Personally speaking on my own behalf, I support my son and other sons and daughters serving overseas , waiting to serve overseas and returned vets 200%

I have viewed your show (even before your posting) and found it to be EXTREMELY well done!
I recommend all to view it!

Thanks Gerry for stopping by my site and for sharing your show with us as well...
... Hey Military Families... check it out! It's awesome!

Gerry said...

I should have known you would have seen it because I found your ik at Dianne's Camoflauge Rose. I actually meant to post a different link to the show instead of MyTube--the one that Dianne has linked to at her site. It's a much better quality there and can be viewed in fullscreen

http://www.photodex.com/sharing/viewshow.html?fl=2701197&alb=0

Anonymous said...

Some people will continuously point to our previous UN missions (not all were peacekeeping) as "Canada's historical role". This misconception completely overlooks and undermines our true history--the history borne on the battlefields of Vimmy, Passchendale, Ortona, and Normandy, to name a few.
I also need to add Korea (some forget that Korea was a UN mission). This view also undermines the sacrifices of the Canadians who fought and died on those battlefields.

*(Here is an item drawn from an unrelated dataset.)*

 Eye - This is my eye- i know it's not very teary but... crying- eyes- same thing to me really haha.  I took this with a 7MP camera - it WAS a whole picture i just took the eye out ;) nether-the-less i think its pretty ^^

This view, also overlooks and undermines the true dangers of previous UN missions, the deaths and casualties from those missions, and the sacrifices of the soldiers and their families.
Those who continuously call for our mission in Afghanistan (which is sanctioned by the UN) to somehow be "changed to peacekeeping" have little or no understanding of what "peacekeeping" actually was, is, and is not.
Those who say our soldiers should come home because they don't want them to be hurt or killed have little grasp of the reality that our soldiers could and do die on other overseas missions, and indeed right here in Canada on training exercises and domestic operations.
A soldier's job is sometimes dangerous, just like a police officer or firefighter's job, like people in those professions, soldiers know the dangers regardless of where they are serving or in what capacity. Why is it that some who accept the willingness of police officers and firefighters to risk their lives for others, have difficulty accepting the same from our soldiers?
I'll never understand why it is so difficult for some to accept that there are Canadians who are willing to risk their lives for something bigger than themselves.

(From the wife of a Canadian soldier training to be deployed to Afghanistan in February.)